1.3 法務は実は何も分かっていない!

 法務部門、弁護士というのは実はビジネスや技術のことは何も分かっていないと考えるのが良いでしょう。会社の内部部門であるなら、常識として会社の組織やビジネスの内容は理解していると考えてもいいかもしれませんが、それ以上のことは期待できません。
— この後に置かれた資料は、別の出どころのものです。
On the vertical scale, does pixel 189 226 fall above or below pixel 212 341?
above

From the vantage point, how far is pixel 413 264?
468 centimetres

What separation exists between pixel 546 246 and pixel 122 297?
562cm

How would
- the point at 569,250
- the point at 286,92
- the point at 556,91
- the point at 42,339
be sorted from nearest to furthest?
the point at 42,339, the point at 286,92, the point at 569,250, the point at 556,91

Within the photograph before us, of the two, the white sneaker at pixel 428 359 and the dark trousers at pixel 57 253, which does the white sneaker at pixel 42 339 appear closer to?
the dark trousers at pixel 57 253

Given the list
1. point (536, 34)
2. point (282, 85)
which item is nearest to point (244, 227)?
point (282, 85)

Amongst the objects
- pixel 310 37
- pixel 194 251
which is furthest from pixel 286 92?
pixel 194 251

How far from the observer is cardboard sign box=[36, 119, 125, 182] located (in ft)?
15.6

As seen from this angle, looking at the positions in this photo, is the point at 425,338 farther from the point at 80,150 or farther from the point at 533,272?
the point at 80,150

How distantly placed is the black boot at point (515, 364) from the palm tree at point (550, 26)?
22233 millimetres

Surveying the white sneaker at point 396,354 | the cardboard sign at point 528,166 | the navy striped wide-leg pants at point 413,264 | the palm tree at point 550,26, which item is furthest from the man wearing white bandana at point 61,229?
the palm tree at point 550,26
 考えてみましょう。ある会社と契約を締結したいと考えたときに、お金をいくら払うかを決めるのはどの部署でしょうか。契約書の条件によっては金額が変わってきます。契約を締結した後に、契約書に従って業務を行うのはどの部署でしょうか。その契約にトラブルがあったときに責任を問われるのはどの部署でしょうか。その契約で会社の売り上げが上がったときに、お給料に一番反映されるのはどの部署でしょうか。

 法務部も弁護士も関係ありません。実際にビジネスを行う部門(営業部門やシステム部門)が責任をとり、報酬を受け取ります。その契約書に従ってビジネスが行われるかどうかの責任を負っているのはビジネスを行う部門で間接部門ではないのです。ましてや、外部の弁護士ではありません。報酬に関係ないところに興味のある人間や素養のある人間というのはとても少ないものです。あたなもそうではないでしょうか。

 では、法務部門や弁護士というのはどんな仕事をしてくれるのでしょうか。それは、あなたが契約書を理解するための手助けをしてくれるのです。難解な法律用語や、ぱっと読んでも意味がわからず巧みに逃げて表記してあるところを「こういう風に解釈できますけど大丈夫ですか?」とあなたに確認をしてくれます。また、あなたがいい契約書への表現方法を思いつけないときは、あなたに代わって簡潔で誤解しようのない表現を考えてくれます。相手の契約書にどう返答していいか分からないときには、経験のある人間なら過去の似たような事例から提案をしてくれます。あくまであなたの手助けをしてくれるだけなのです。あなたに代わって何かを判断してくれるわけではありません。リスクをとってくれるわけでもありません。あなたがすべきことを代わりにしてくれるわけではありません。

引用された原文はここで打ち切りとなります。